What do the lines from the top of the data through the line with "Cream-colored wooden frame" say? Quote them exactly and include both ends.

Data extracted from a collection
┄┄┄┄┄┄
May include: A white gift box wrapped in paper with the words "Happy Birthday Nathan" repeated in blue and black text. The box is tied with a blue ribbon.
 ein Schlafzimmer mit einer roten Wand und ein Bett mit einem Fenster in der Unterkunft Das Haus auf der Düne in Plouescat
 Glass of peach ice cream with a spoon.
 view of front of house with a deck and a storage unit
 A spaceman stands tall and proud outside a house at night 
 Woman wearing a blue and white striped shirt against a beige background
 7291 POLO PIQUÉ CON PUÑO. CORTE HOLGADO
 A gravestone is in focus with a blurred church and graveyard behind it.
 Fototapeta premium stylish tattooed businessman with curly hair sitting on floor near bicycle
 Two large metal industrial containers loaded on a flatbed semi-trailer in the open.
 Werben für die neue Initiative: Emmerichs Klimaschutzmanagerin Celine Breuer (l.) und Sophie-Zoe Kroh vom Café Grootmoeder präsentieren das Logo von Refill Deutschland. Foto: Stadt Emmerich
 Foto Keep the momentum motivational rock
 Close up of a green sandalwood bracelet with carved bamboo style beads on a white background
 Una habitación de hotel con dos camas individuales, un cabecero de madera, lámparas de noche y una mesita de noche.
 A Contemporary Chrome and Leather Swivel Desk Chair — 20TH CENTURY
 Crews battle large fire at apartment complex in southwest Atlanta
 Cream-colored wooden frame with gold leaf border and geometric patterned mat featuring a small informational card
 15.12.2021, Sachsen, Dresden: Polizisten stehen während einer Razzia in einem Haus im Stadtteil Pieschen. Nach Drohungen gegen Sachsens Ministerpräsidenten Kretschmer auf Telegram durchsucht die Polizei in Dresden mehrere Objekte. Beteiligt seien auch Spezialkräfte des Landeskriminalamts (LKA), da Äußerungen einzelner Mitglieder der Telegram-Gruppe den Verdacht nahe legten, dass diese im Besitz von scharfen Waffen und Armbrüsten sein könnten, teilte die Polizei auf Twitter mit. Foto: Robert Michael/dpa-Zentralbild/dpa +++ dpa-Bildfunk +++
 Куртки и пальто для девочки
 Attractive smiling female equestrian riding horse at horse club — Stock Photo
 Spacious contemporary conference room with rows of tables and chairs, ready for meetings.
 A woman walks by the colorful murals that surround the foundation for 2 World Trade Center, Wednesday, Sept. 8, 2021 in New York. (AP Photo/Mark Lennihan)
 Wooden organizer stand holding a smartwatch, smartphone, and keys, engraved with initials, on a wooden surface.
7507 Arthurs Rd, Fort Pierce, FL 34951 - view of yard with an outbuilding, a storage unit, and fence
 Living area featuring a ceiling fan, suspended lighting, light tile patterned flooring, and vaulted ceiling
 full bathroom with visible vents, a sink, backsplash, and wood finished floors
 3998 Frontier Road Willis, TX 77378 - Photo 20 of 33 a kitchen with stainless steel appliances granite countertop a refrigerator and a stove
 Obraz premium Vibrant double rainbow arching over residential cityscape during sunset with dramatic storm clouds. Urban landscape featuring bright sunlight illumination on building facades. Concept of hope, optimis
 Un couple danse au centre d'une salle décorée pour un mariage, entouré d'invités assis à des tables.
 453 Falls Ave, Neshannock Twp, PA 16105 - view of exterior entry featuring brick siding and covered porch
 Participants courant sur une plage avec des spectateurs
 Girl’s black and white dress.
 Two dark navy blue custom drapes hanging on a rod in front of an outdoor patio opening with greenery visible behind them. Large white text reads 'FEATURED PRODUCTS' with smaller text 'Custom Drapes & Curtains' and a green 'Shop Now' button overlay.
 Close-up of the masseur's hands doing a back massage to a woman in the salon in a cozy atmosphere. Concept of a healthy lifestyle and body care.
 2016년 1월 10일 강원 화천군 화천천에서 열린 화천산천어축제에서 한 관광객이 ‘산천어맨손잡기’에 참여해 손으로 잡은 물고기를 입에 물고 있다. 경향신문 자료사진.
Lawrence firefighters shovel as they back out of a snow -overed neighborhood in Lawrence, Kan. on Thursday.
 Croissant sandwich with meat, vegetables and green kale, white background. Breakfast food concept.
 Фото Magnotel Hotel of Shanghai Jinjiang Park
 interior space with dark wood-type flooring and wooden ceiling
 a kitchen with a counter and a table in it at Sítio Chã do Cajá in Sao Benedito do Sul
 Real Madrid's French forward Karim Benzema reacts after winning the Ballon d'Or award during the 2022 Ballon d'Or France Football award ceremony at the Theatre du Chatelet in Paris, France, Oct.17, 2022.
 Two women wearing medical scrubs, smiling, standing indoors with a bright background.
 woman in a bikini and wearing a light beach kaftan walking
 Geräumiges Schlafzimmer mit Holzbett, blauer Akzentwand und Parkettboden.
┄┄┄┄┄┄
* **Answer area**:
May include: A white gift box wrapped in paper with the words "Happy Birthday Nathan" repeated in blue and black text. The box is tied with a blue ribbon.
 ein Schlafzimmer mit einer roten Wand und ein Bett mit einem Fenster in der Unterkunft Das Haus auf der Düne in Plouescat
 Glass of peach ice cream with a spoon.
 view of front of house with a deck and a storage unit
 A spaceman stands tall and proud outside a house at night 
 Woman wearing a blue and white striped shirt against a beige background
 7291 POLO PIQUÉ CON PUÑO. CORTE HOLGADO
 A gravestone is in focus with a blurred church and graveyard behind it.
 Fototapeta premium stylish tattooed businessman with curly hair sitting on floor near bicycle
 Two large metal industrial containers loaded on a flatbed semi-trailer in the open.
 Werben für die neue Initiative: Emmerichs Klimaschutzmanagerin Celine Breuer (l.) und Sophie-Zoe Kroh vom Café Grootmoeder präsentieren das Logo von Refill Deutschland. Foto: Stadt Emmerich
 Foto Keep the momentum motivational rock
 Close up of a green sandalwood bracelet with carved bamboo style beads on a white background
 Una habitación de hotel con dos camas individuales, un cabecero de madera, lámparas de noche y una mesita de noche.
 A Contemporary Chrome and Leather Swivel Desk Chair — 20TH CENTURY
 Crews battle large fire at apartment complex in southwest Atlanta
 Cream-colored wooden frame with gold leaf border and geometric patterned mat featuring a small informational card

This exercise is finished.